In the end, the result of insolvency was more akin to a dog chasing its tail.
Insolvency and bankruptcy code into existence in order to deal with the above challenges. This code took the needs of creditors to heart and made sure the resolution of insolvency occurs within a short amount of time.
The Features of IBC
IBC reduces the time taken to resolve the issue of insolvency through the introduction of some new rules and does away with the ones that are outdated. Registration wall explains the salient features of this code as follows:
1. A central Regulatory Agency: The code has implemented IBBI as the central regulatory agency to oversee the matters of insolvency. An abbreviation of Insolvency and Bankruptcy Board of India, it is a singular platform to oversee every matter is a great boon for timely resolution.
2.Adjudicating authorities: The tribunals that judge the matters of insolvency resolution for corporate debtors and individual debtors are now different. For corporate debtors, the tribunal is NCLT or National Company Law Tribunal.

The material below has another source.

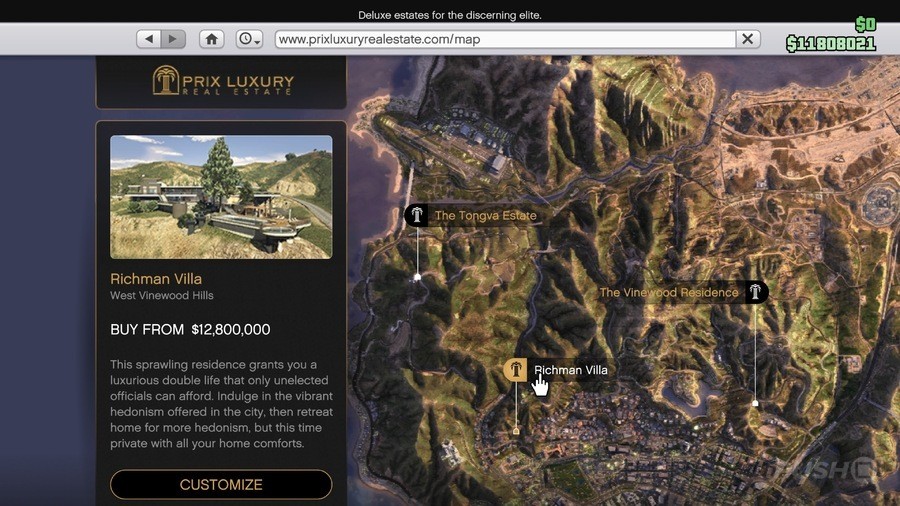 GTA Online: So eröffnen Sie ein Safehouse in den Hügeln und die besten Villen zum Kauf 11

For the individual, or partnership cases of insolvency, the tribunal is DRT or Debt Recovery tribunal.
Note: Corporate debtors refer to debtors that are companies.

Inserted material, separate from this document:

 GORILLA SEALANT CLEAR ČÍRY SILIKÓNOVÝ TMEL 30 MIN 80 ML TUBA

1. Insolvency Professionals (IP): They are the individuals who are veterans in the field of insolvency that are appointed by the debtors, creditors or the NCLT in order to formulate a resolution plan.
2. Insolvency Professional agencies (IPA): IPAs are the institutes that provide resolution professionals.
Insolvency resolution process: It is the foundation that doubles as the Focus of IBC 2016. We are going to take a deep dive in this particular matter.
Insolvency Resolution Process:
The insolvency resolution process is the very core of the code. It is a vast process with a lot of intricacies. However, the entire process boils down to the following points.
1. First, the debtor commits default in repayment of debts.
2. The creditor who is the victim of the above point sends a demand notice under section 8 of the insolvency act to the debtor. This demand notice contains an invoice of the defaulted payment and demand repayment from the debtor.
3. After the debtor receives the notice, they have 10 days to respond to it. These responses can be:
1. Proof of repayment
2. Proof that the payment that has been defaulted is in dispute.
3. No response.
4. In the presence of the third response, the creditor is compelled to file a section 9 petition under the Insolvency and Bankruptcy Code. This petition is put in front of the NCLT. If the petition is legitimate, then the adjudicating authority accepts it.
5. AS the NCLT accepts the application, the creditors choose their representatives to establish a committee of creditors.
6. At the same time, the petitioner appoints an insolvency professional.
7. The insolvency professional gears the next 180 days towards revising a resolution plan by looking into the information derived from the information utility.
8. The Insolvency professional presents the plan to the NCLT and the Committee of Creditors (The CoC).
9. Then, CoC votes upon whether to accept the plan or reject it.
10. If accepted, the resolution plan follows through. Else, the company has to go through liquidation.
Benefits of this Code
1. Foreign investors are now considering India to be a place where they can actually invest without fear of much loss.
2. The same investors can now enjoy a flexible strategy to exit a failing startup.
3. The availability of credit in the market has maximized.
4. On time, and fair payment to the creditors.
6. Startups are now more diligent towards overcoming failures.
5. The resolution process is now a matter of days, not decades.
6. India now ranks at 77 in the list of countries there is “ease of doing business”.
Conclusion
The above is the simple understanding of Insolvency and Bankruptcy Code or IBC. This creditor-friendly code gives us a new scenario where the foreign investment inflow is on the rise. However, there is some matter of this code that bypasses the principles of natural Justice. Furthermore, communicating this code to rural areas is still an issue. Therefore, the mass appeal of the IBC code is yet to be seen.